Sometimes, I imagine a shuttle running between Lady de B’s house and mine rather like the underground trains that once carried four million letters a day between Paddington and Whitechapel. Our zippy little shuttle wouldn’t transport the Royal Mail. It would carry such precious cargo as extra chairs, baskets, platters, ice cream makers, jelly bags, jam pans, barbecues, tablecloths, ice buckets, stick blenders, mandolins, baking sheets and roasting tins. A truly moveable feast – or the furnishings for one – running the mile or so between my house and hers. It’s not unheard of for me to admire a plate in her house and for her to say, ‘Well, you should like it, it’s yours’.

We cook together so often, plan parties together, eat at one another’s tables with such regularity, that I can find the cling film or cinnamon or colander in her kitchen as easily as I can in my own.

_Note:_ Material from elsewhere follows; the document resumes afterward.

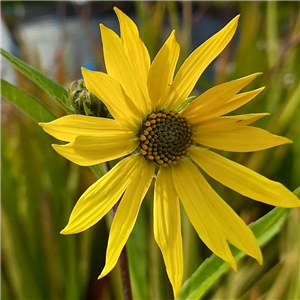 Helianthus salicifolius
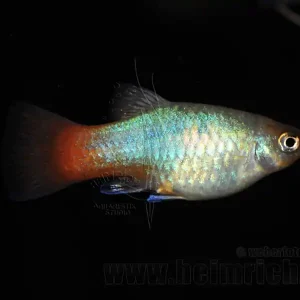 Nur Heute Platy "Papagei smaragd", lg (Xiph. mac., spec.)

I know where the hot spots are in her oven. (Well, at least I did. She’s just got a swanky new Lacanche, and though we’ve been formally introduced, we’re yet to get to know one another intimately over roasted meats, slow-cooked stews, bubbling gratins and biscuits.)

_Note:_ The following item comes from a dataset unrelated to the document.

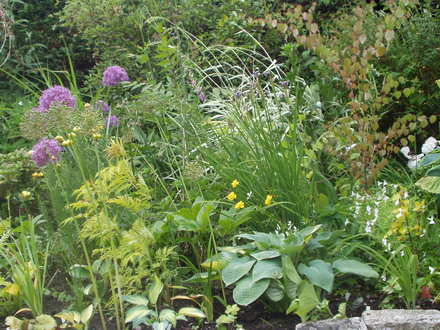 still space for more plants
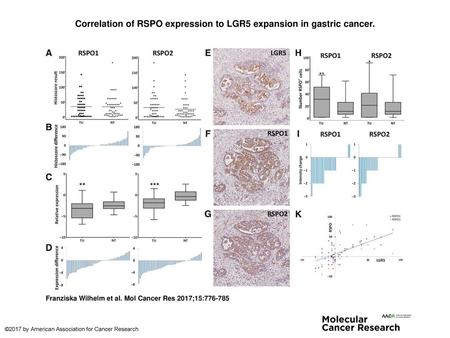 Correlation of RSPO expression to LGR5 expansion in gastric cancer.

Vanessa and I share recipes obsessively, whether it’s excitably garbled descriptions of dishes we’ve eaten on holidays or in restaurants, inspirations ripped from magazines, or pristine, bookmarked perfection in the pages of the latest cook books.

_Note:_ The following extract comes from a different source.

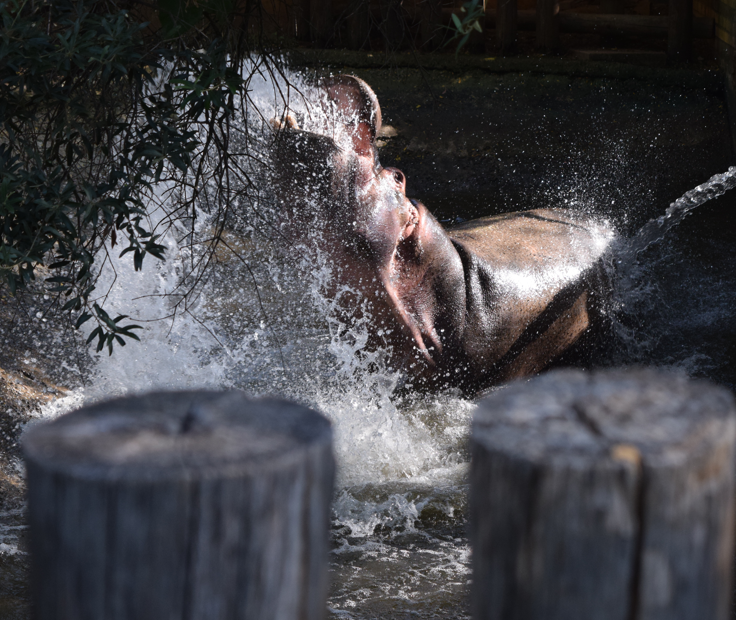 Common Hippo (Hippopotamus amphibius)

When Vanessa said she was making gravadlax for Easter lunch, I’d quite forgotten that I’d lent her Falling Cloudberries: a world of family recipes, one of my favourite books because it is filled not just with lovely recipes, but family, history and stories. In her introduction, Tessa Kiros writes ‘These are the recipes I grew up with: the recipes that have woven their way through the neighbourhoods of my mind, past indifference and into love’

Falling Cloudberries Falling Cloudberries

Tessa's mother Tessa Kiros’s mother and a Finnish birch tree.

Born in London to a Greek Cypriot father and a Finnish mother, Kiros’s childhood in Africa was followed by stints cooking all over the world before settling in Tuscany with her Italian husband. It’s hardly surprising her cooking is as diverse as it is delicious. There’s skordalia and semifreddo, couscous and ceviche, tom ka gai and crème brûlée, and in the middle of all that, her mother’s recipe for gravadlax, the happiest of beginnings for our happy Easter feast.

Gravadlax with dill cucumbers

Gravadlax with dill cucumbers

Vanessa bought the salmon from Steve Hatt, fourth-generation fish monger and the north London fisheratti’s piscine purveyor of choice. He advises that for gravadlax, a larger, more mature salmon that had had a chance to build up some fat responds best to the salt and sugar cure. Get the best your pocket can stand, but after that it’s all very easy.

Salmon ready to be sliced

Serves about 20.

300g (10 ½ oz) caster (superfine) sugar
200g (7oz) coarse salt
150g (5oz) dill, chopped
2 whole fillets of salmon, skin left on, but cleaned and small bones removed

For the dill cucumbers:
1 cucumber
1 tbsp chopped dill
100ml (3 ½ fl oz) white wine vinegar
2 heaped tbsps caster (superfine) sugar
1 tsp salt

To serve:
Chopped dill
Finnish mustard (See below)

To make the gravadlax, combine the sugar, salt, dill and a few good grindings of black pepper in a bowl. Put a large piece of foil on your work surface. Onto this put about a third of the salt and sugar mixture. Put one of the fillets, skin side down, on top of the mix then top this with another third of the mixture. Top with the other salmon fillet, skin side up, and cover with the remaining mixture. Pat down so it is all covered nicely and wrap the foil around it to seal the salmon. Keep it in a container in the fridge (Vanessa used a fish kettle, perfect) for four days, turning it over every day. If you don’t have a container large enough, sit it on a tray or large dish to catch nay juices that may drip.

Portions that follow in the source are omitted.